UN welcomes Bangladesh Rohingya relocation plan News
© WikiMedia (Zlatica Hoke (VOA))
UN welcomes Bangladesh Rohingya relocation plan

The UN said on Monday that it “appreciates” the Bangladeshi government’s plan to relocate Rohingya refugees from camps in and around the south-eastern city of Cox’s Bazar to Bhasan Char, a remote island off the country’s coast.

In a press statement issued by its office in Dhaka, the UN said that the Bangladeshi government’s efforts to seek alternative locations for refugees to settle could help to decongest the overcrowded settlements in Cox’s Bazar. “The UN’s position is to engage constructively with the government on Bhasan Char. We are discussing with the government the critical protection and operational issues that should be considered before any relocations take place, in order to ensure that refugees would be able to live in safe and sustainable living conditions on Bhasan Char,” it said. “We are seeking clarification about the modalities of any relocations, the living conditions that would be provided and the basic rights and services that refugees would be able to access if they decided to relocate to Bhashan Char, as well as issues of governance and access that the UN and partners would have to the island,” the statement added.

Bangladesh’s state minister for disaster and relief management Mohammed Enamur Rahman has said that the relocation process will start by April 15. A group of 23,000 Rohingya families will be moved to Bhashan Char in the first set of transfers.

Human rights groups have criticized plans to relocate refugees to the island, raising doubts over the island’s habitability and living conditions.
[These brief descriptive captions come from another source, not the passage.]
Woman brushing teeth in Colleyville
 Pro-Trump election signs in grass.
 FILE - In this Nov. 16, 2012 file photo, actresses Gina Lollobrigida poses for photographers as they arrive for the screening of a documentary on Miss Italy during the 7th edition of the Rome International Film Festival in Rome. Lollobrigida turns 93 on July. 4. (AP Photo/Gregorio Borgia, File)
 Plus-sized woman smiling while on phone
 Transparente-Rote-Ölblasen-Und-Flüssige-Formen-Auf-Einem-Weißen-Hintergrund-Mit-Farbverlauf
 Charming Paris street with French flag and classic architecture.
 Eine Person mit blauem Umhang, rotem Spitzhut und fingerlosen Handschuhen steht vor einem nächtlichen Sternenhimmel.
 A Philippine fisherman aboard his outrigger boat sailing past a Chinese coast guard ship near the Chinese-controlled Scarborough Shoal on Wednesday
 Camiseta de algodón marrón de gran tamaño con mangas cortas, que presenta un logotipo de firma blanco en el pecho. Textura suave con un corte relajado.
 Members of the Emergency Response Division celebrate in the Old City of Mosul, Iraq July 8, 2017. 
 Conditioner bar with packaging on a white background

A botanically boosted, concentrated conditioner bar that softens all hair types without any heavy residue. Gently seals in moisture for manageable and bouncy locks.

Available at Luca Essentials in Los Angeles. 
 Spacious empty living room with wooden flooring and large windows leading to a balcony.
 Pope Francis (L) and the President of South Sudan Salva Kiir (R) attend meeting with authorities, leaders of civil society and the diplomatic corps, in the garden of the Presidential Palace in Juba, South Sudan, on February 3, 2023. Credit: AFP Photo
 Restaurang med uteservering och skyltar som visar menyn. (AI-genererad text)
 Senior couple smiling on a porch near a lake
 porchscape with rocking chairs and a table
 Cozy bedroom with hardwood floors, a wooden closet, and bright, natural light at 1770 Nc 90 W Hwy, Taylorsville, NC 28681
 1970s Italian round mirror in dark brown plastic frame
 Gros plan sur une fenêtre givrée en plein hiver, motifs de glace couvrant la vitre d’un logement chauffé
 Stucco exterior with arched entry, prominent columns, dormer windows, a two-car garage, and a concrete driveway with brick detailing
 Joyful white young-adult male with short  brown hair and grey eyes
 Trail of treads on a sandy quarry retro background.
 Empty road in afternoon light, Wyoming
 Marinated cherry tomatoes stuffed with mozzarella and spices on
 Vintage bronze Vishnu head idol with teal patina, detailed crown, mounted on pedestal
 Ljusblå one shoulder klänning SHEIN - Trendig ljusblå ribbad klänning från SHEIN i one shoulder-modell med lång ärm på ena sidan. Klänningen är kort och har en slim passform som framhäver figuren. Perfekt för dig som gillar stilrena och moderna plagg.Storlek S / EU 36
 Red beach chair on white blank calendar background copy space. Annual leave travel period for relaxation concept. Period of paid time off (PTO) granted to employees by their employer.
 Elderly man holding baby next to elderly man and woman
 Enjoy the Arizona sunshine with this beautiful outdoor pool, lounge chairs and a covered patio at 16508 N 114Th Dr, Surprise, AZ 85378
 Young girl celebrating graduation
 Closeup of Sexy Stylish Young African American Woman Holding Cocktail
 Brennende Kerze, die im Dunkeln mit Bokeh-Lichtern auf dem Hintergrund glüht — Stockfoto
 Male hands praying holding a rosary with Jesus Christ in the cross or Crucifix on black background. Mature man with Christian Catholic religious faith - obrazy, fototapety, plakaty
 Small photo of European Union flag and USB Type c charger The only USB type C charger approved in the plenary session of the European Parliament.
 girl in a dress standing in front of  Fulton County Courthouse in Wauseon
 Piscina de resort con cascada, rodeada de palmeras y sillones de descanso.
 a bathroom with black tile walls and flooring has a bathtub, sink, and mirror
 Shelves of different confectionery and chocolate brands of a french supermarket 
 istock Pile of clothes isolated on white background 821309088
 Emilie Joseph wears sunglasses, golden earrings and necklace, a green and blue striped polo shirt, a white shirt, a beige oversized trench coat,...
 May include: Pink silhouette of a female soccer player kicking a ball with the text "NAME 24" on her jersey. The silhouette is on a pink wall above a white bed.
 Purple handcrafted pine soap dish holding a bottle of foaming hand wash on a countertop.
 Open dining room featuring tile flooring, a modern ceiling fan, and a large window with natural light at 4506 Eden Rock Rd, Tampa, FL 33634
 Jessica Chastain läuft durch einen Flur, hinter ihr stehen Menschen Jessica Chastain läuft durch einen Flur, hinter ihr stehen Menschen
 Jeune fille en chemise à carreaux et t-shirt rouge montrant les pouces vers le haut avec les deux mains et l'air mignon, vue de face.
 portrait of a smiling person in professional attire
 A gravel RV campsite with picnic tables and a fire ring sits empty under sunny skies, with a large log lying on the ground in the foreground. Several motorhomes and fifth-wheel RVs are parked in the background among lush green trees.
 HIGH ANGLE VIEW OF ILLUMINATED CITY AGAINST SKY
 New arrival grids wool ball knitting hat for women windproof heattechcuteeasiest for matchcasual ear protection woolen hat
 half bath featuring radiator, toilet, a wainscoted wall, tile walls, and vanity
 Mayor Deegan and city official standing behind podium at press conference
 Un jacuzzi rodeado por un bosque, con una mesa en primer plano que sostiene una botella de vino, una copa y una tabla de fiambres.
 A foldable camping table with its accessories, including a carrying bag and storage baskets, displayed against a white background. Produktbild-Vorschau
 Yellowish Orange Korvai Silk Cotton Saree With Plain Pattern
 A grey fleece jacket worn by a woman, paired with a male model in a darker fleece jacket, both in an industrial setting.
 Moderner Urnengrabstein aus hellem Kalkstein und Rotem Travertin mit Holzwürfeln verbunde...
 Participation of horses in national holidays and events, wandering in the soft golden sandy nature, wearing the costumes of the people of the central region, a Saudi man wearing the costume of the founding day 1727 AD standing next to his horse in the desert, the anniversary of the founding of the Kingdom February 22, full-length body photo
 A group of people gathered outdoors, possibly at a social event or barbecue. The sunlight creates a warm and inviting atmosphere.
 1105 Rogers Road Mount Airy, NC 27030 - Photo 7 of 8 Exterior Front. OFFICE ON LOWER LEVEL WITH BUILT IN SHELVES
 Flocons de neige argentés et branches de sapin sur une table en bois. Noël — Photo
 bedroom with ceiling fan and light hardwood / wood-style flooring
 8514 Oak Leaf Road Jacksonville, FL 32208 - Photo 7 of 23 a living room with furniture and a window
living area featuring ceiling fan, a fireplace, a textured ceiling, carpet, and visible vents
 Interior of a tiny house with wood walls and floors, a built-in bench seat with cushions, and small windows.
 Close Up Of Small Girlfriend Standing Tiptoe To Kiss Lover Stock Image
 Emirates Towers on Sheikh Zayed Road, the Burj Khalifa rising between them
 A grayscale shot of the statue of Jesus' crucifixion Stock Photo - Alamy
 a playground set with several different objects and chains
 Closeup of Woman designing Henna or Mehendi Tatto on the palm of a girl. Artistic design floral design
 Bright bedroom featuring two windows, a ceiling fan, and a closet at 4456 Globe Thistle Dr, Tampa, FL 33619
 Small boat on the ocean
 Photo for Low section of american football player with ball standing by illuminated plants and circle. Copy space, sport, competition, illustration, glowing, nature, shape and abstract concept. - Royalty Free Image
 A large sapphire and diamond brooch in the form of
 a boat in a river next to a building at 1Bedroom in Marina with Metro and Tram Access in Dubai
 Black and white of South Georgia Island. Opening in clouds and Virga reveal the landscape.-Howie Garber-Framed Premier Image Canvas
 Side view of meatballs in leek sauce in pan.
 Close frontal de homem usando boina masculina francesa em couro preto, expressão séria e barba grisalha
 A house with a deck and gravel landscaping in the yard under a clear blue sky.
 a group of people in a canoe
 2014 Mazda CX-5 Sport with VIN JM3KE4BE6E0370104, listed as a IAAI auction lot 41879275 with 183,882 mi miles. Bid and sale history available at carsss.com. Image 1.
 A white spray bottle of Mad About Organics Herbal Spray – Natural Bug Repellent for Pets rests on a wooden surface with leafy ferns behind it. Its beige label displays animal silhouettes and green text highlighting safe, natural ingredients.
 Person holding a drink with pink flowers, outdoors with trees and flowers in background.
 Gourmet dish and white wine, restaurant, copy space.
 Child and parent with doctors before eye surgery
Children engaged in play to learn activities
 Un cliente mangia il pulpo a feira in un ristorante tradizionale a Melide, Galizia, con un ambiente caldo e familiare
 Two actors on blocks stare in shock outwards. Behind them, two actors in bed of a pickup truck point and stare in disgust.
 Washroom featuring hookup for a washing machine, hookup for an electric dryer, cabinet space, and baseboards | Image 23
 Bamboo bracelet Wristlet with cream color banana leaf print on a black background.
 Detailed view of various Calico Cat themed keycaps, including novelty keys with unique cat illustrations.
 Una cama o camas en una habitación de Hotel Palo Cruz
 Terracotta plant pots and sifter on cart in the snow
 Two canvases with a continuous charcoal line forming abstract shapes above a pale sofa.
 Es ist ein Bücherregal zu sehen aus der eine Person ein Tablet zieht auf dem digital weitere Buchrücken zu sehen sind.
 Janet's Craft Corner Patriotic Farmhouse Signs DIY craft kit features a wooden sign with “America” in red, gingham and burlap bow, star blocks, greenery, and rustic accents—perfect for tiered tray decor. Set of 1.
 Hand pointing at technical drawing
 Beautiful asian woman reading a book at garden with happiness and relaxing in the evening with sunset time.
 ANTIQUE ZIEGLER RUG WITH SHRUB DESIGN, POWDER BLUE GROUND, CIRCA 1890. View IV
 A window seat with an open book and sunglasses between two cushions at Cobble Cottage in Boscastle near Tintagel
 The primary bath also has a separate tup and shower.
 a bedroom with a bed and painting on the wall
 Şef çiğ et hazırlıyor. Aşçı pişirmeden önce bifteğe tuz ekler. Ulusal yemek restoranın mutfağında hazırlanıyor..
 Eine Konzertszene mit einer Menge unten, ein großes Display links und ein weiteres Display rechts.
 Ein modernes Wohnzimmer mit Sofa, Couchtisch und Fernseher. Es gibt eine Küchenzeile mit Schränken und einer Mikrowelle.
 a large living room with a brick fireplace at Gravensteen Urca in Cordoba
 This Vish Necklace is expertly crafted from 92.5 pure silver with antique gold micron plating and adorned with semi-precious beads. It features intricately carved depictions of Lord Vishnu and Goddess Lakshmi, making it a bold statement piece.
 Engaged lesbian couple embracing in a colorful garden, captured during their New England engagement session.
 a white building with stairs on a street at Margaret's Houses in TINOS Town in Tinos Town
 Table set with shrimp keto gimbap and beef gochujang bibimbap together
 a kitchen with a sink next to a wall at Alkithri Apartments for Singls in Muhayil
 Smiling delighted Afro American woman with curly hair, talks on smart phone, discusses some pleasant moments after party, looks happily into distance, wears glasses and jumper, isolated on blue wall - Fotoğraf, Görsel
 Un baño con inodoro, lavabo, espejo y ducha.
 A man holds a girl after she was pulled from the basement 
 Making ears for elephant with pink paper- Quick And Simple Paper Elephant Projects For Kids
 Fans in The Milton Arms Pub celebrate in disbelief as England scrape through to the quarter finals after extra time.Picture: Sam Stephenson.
Phil Robertson, deputy Asia director for Human Rights Watch, says that Bangladesh’s plan to move the Rohingya refugees appears to be “a human rights and humanitarian disaster in the making,” insisting that UN agencies should be “talking about how to stop this ill-considered scheme, not facilitate it.” In January Yanghee Lee, the UN special rapporteur on Myanmar, raised her concerns after an on-site inspection. “There are a number of things that remain unknown to me even following my visit, chief among them being whether the island is truly habitable,” she said.

The Bangladesh government maintains that the relocation will be carried out on a voluntary basis. Abul Kalam, the country’s refugee relief and repatriation commissioner, assured that no refugee would be relocated by force.